Search for an expression in several elements of a list

9

Guys, I have a problem. I have 200 spreadsheets with some data from a search, and I'm importing it into R, and because they have different columns, I assign each element in my list a different spreadsheet. I need to look up a name that can be in any of the worksheet and that returns me in which element of the list that that name is.
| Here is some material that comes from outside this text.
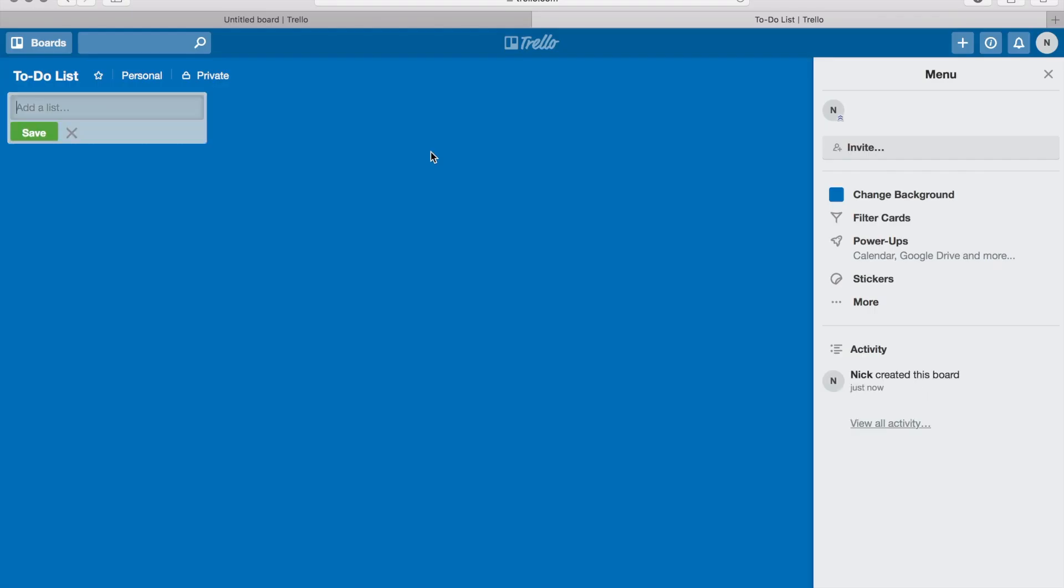I'm gonna click create board. Now from there you're gonna start adding lists. So with this one it's gonna be really basic - this is gonna be your to-dos, so your ongoing to-do list. I'm gonna save it.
How can I do this?

For example, find out where José da Silva is:

df1 <- data.frame(nome = c("José da Silva", "Maria da Silva"),
              idade = c(45, 54))
df2 <- data.frame(nome_completo = c("Mauro Pereira", "João Paulo"),
              idade = c(30, 12))

lista <- list()
lista[[1]] <- df1
lista[[2]] <- df2
    
asked by anonymous 17.09.2018 / 22:15

3 answers

8

Using the function which within lapply

lapply(lista, function(x) which(x == "José da Silva"))
[[1]]
[1] 1

[[2]]
integer(0)

This is an option to search for an exact term, as in your example "José da Silva"

    
17.09.2018 / 22:47
5

I would do it as follows:

library(purrr)

buscar_nome <- function(lista, nome) {
  map_lgl(lista, ~any(nome %in% .x[[1]])) %>% which()  
}

# > buscar_nome(lista, "Maria da Silva")
# [1] 1
# > buscar_nome(lista, "Mauro Pereira")
# [1] 2

An important assumption I am making is that the searched name is in the first column of the data.frame ... This can be modified as follows to search all columns (but losing efficiency).
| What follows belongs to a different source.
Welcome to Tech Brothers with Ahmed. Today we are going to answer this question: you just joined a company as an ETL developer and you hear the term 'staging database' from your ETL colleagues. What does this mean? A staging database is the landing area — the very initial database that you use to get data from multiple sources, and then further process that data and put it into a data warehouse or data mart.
buscar_nome <- function(lista, nome) {
  map_lgl(lista, ~any(nome %in% as.matrix(.x))) %>% which()  
} 
    
18.09.2018 / 00:14
5

I made a small change in your data to increase the number of cases:

df1 <- data.frame(nome = c("José da Silva", "Maria da Silva"),
              idade = c(45, 54))
df2 <- data.frame(nome_completo = c("Mauro Pereira", "João Paulo", "João Pedro"),
              idade = c(30, 12, 1))
df3 <- data.frame(renda = c(1, 2, 3),
              idade = c(3, 2, 9),
              nome_do_cabra = c("Antônio Augusto", "João Marcos", "João Ivo"))

lista <- list()
lista[[1]] <- df1
lista[[2]] <- df2
lista[[3]] <- df3

See if this function solves your problem. Not very efficient (loop inside loop ... etc), but I think it does work.
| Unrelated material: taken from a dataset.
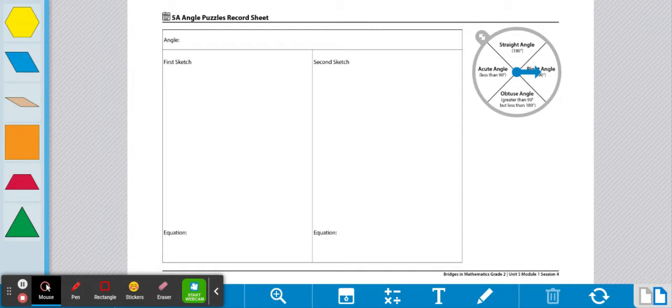These are the directions for Workplace 5A Angle Puzzles. To play this game, the materials you'll need are one 5A puzzle record sheet, one spinner overlay, and some pattern blocks. To begin, the player will spin the spinner to find out what angle they're making.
procura_nome <- function(x, pattern){
    list_result <- list()
    element_list_i = 1
    for(j in 1:length(x)){
            for(k in 1:ncol(x[[j]])){
                    linhas_result <- grep(x = x[[j]][,k], pattern = pattern)
                    if(length(linhas_result) > 0){
                            list_result[[element_list_i]] <- cbind(j, k, linhas_result)
                            element_list_i = element_list_i + 1
                    }
            }
    }
    if(length(list_result) >0 ){
            matrix_result <- purrr::reduce(list_result, rbind)
            df_result     <- as.data.frame(matrix_result)
            names(df_result) <- c("numero_lista", "numero_coluna", "numero_linha")
            return(df_result)
    }else{
            return(NULL)
    }
}

Because the string search function used internally is grep , you can search for names in a non-exact way. It is possible to improve, of course, to leave case-insensitive, ignore accents etc.

The result is a data.frame with a column indicating the number of the element within the list, another indicating the column of the data.frame and a third indicating the line, such as the following:

procura_nome(lista, "João")
###   numero_lista numero_coluna numero_linha
### 1            2             1            2
### 2            2             1            3
### 3            3             3            2
### 4            3             3            3
    
17.09.2018 / 22:52